Has anyone ever used any inflatable crane dekes? I know some are made my Cherokee Sports and I think that is the same company that makes featherlite decoys. I'm looking to pic up a few crane dekes because around here the geese stick to the fields with the cranes. What type of crane decoy are you guys using and from where?


----------



## blazzin1 (May 28, 2005)

I just happened to run across those inflatables by Cherokee Sports just the other night while surfing the web. They sure look good to me!!! I'm just concerned with how durable they'd be. And also how much movement they would have, don't want too much!!! Those Cranes are awful "skiddish". Plus it gets plenty windy up here in ND, I'm just afraid they'd blow around like a balloon on a stick!!!! But for the price, I think I'm willing to try them!!! It's alot better than $50 a piece for those plastic hard-bodies!!!! I'd like to hear if anyone has had any experience with these inflatables too!!!


----------



## allan3692 (Aug 17, 2006)

Pete's Bait Shop in Devils Lake carries the Cherokee Sports inflatable sandhill crane decoy. They sell for $11.99/ea or $129/doz. He also carries crane calls. Tele# 701-662-8033. He has five dozen on hand takes about a week to get more in.


----------



## Almomatic (May 6, 2006)

I bought a few at Pete's bait shop in Devils Lake on the way the Rugby this weekend. There are quite a few cranes north of Knox, the decoys aren't half bad for an inflatable, the stakes suck though, I put them in fiberglass stakes made for the duck magnets and they looked pretty good. Only shot one crane, man those things are hard to decoy, they did come in though, if you use dekes put them downwind of the blinds quite a way back.


----------



## ztrain (Jul 26, 2006)

The guide I hunted with in Canada doesn't mess with crane decoys anymore because they only pass then land outside of the decoys.

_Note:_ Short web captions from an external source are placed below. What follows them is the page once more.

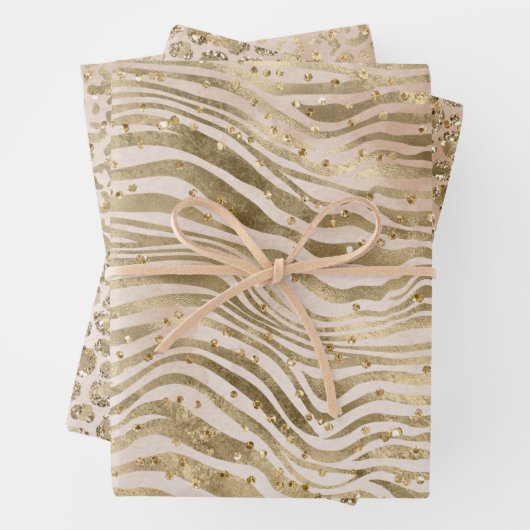 Cream Blush Gold Glitz Sparkle Tierdrucke Geschenkpapier Set (Beispiel)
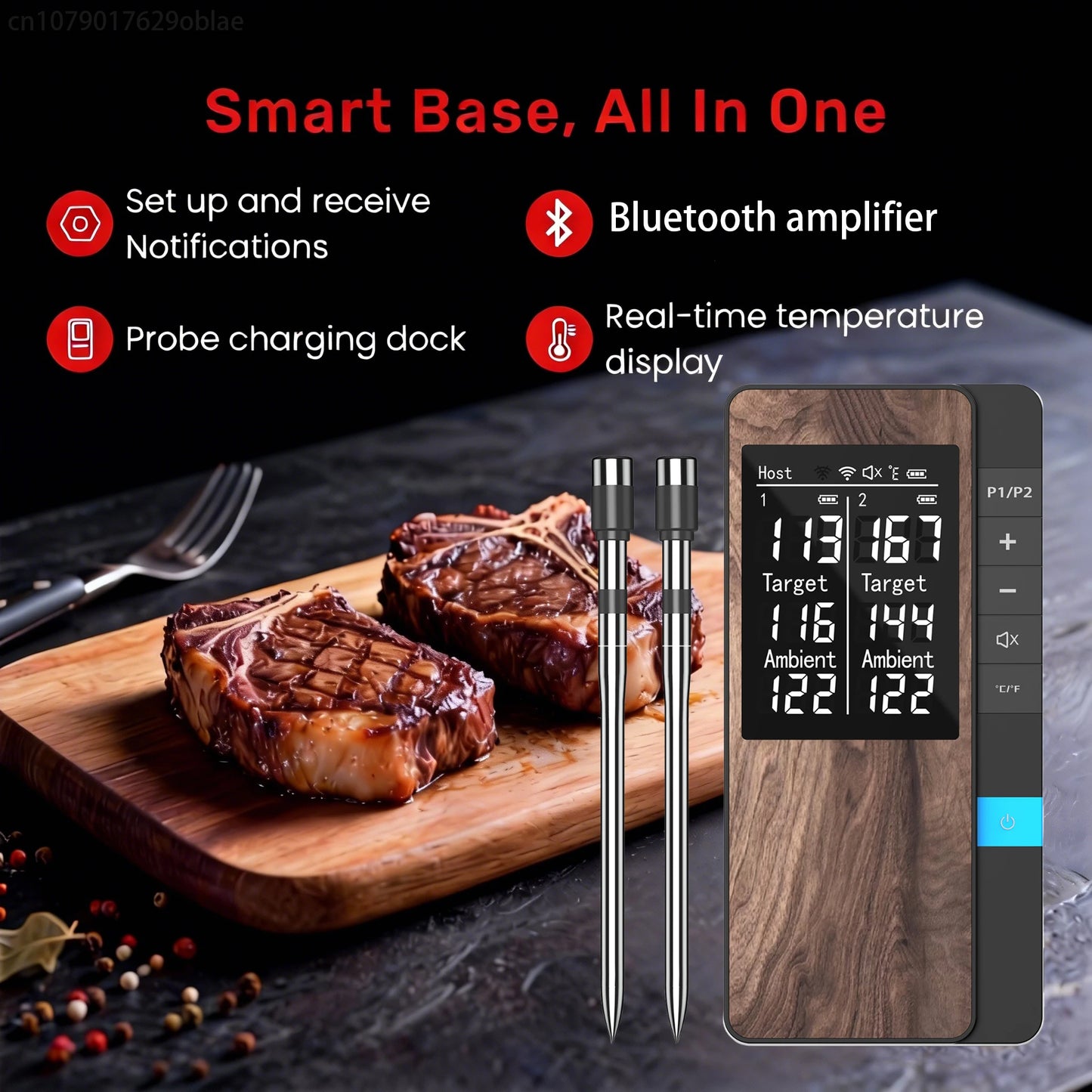 Wireless Bluetooth Meat Thermometer with LED Display
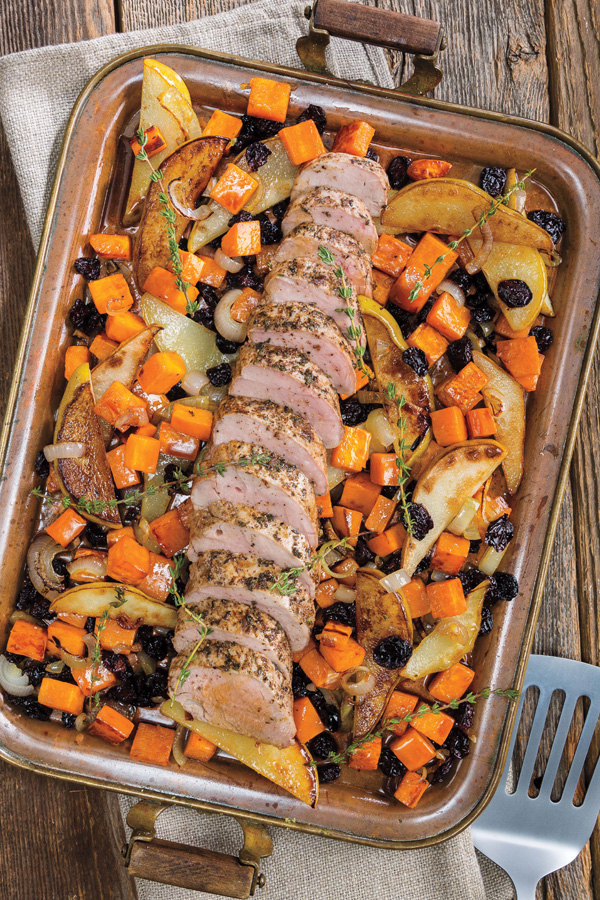 Sheet-Pan Pork Tenderloin With Sweet Potatoes & Pears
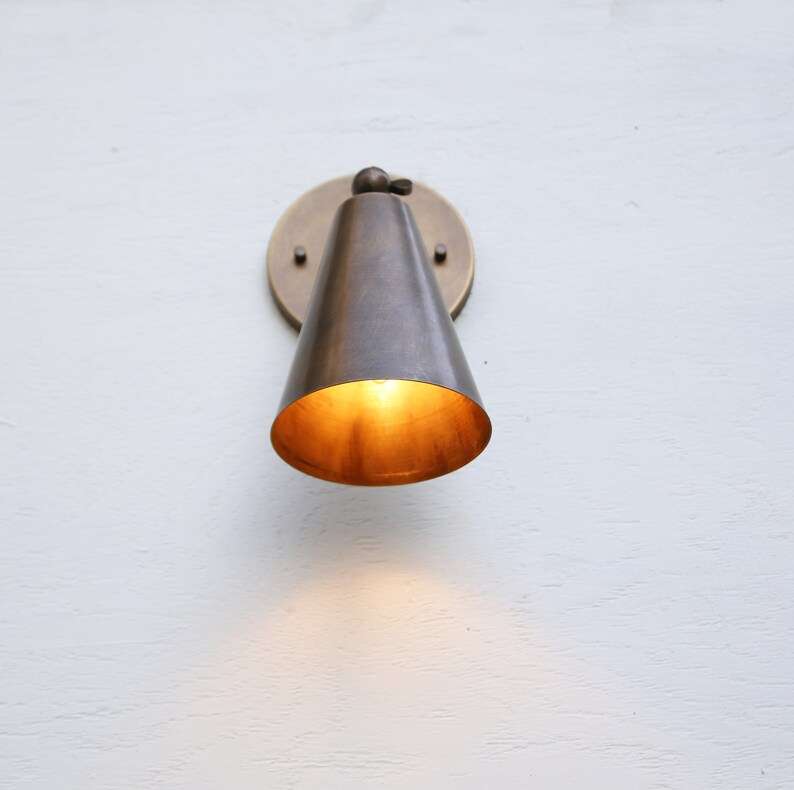 Aged Brass Wall Sconce - Mid Century Modern Light Fixture - view 5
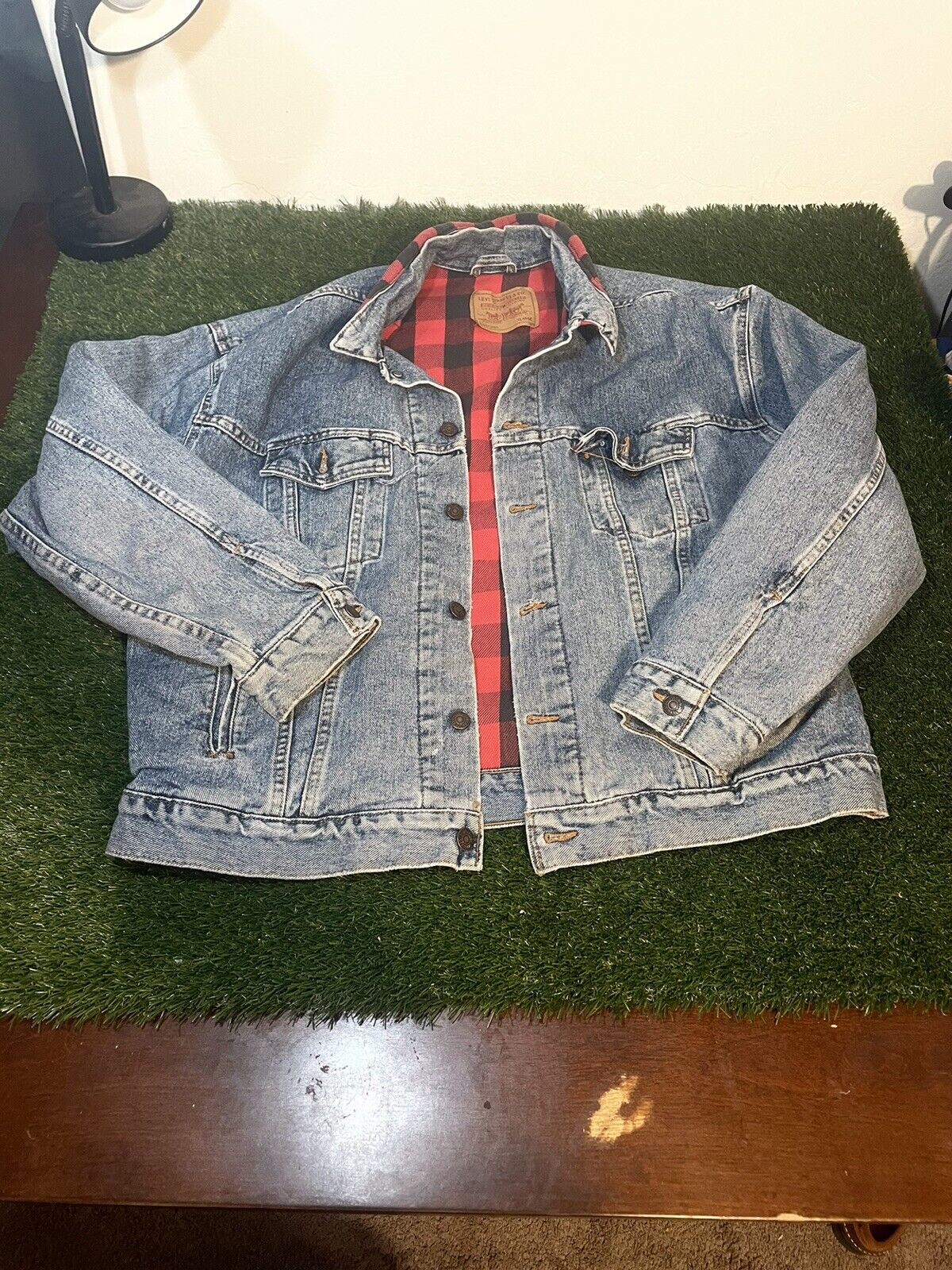 Vintage 90s Levi's Buffalo Plaid Flannel Lined Denim Jacket 70417 Men's XL  USA | eBay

He just set us up for goose hunting with a crane call and we had several flocks come well within range durring our goose hunt. Even had a flock settle in with canada goose decoys, but the pass shots where better because there is a lot of meat and wings just looking right in the sites when they are in the air flying at you or from side to side.


----------



## smitherman (Sep 18, 2007)

I bought some of the cherokee inflatable duck decoys, photo printed just like the crane. They are very durable, i even carry them in the bag with my G&H decoys. The stakes are the only thing I would be concerned with on the inflatables.


----------